• _MATERIAL FOR THIS TASK_
————

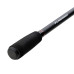 Фідерне вудлище Flagman Magnum Black Boat Feeder 1.8м 130г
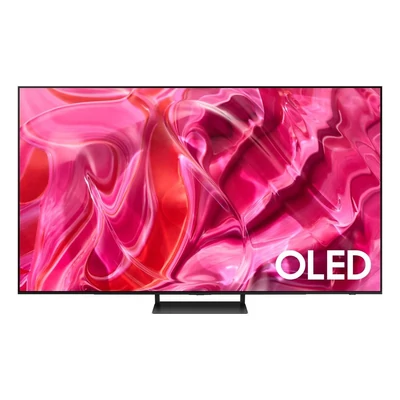 Samsung 65" QE65S90CATXXH OLED Smart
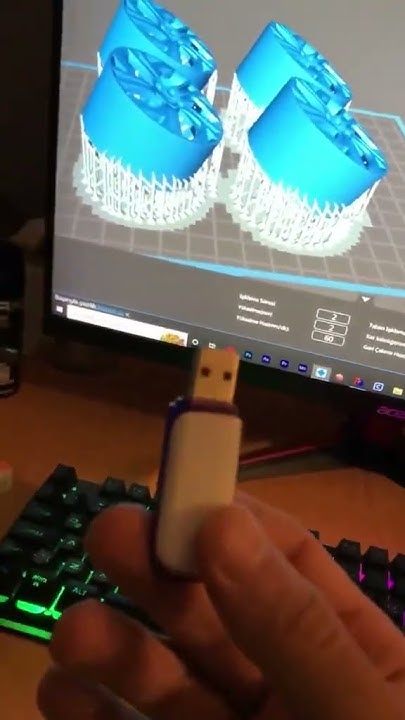 CİTROEN C4 JANTI SIFIRDAN ÜRETİYORUZ! #shorts - YouTube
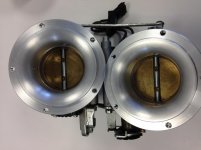 Adapter 1.jpg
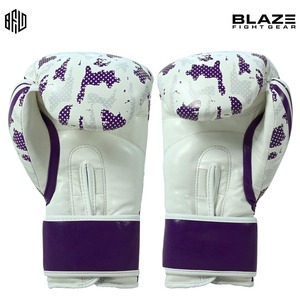 Best Pro Grade ULTRA Sparring Kickboxing Muaythai MMA Guantes de entrenamiento Saco de boxeo pesado Entrenamiento Artes marciales sintéticas Boxeo - Product Image 3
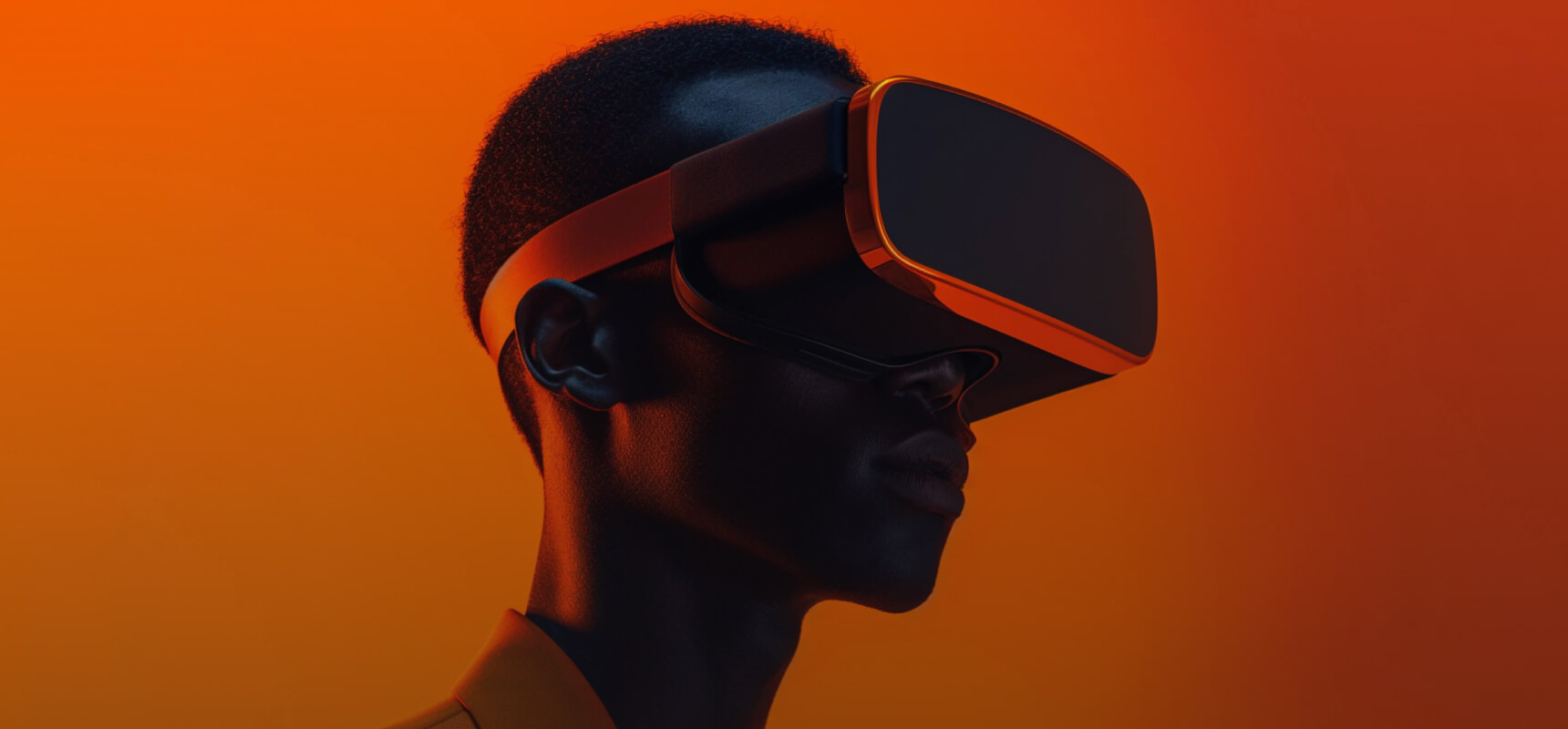 Hilster Mobile App – Shopify-Powered eCommerce Experience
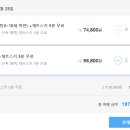 월드컵슈즈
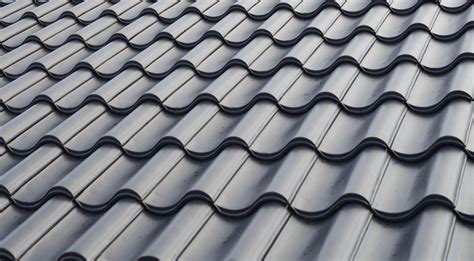 Smart Roofing Trends & Technology for 2023 Atlanta, Georgia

————

• _PROBLEM_
With pictures excluded, the data must be transcribed in full and to the letter.

• _FINISHED EXERCISE_
 Фідерне вудлище Flagman Magnum Black Boat Feeder 1.8м 130г
 Samsung 65" QE65S90CATXXH OLED Smart
 CİTROEN C4 JANTI SIFIRDAN ÜRETİYORUZ! #shorts - YouTube
 Adapter 1.jpg
 Best Pro Grade ULTRA Sparring Kickboxing Muaythai MMA Guantes de entrenamiento Saco de boxeo pesado Entrenamiento Artes marciales sintéticas Boxeo - Product Image 3
 Hilster Mobile App – Shopify-Powered eCommerce Experience
 월드컵슈즈
 Smart Roofing Trends & Technology for 2023 Atlanta, Georgia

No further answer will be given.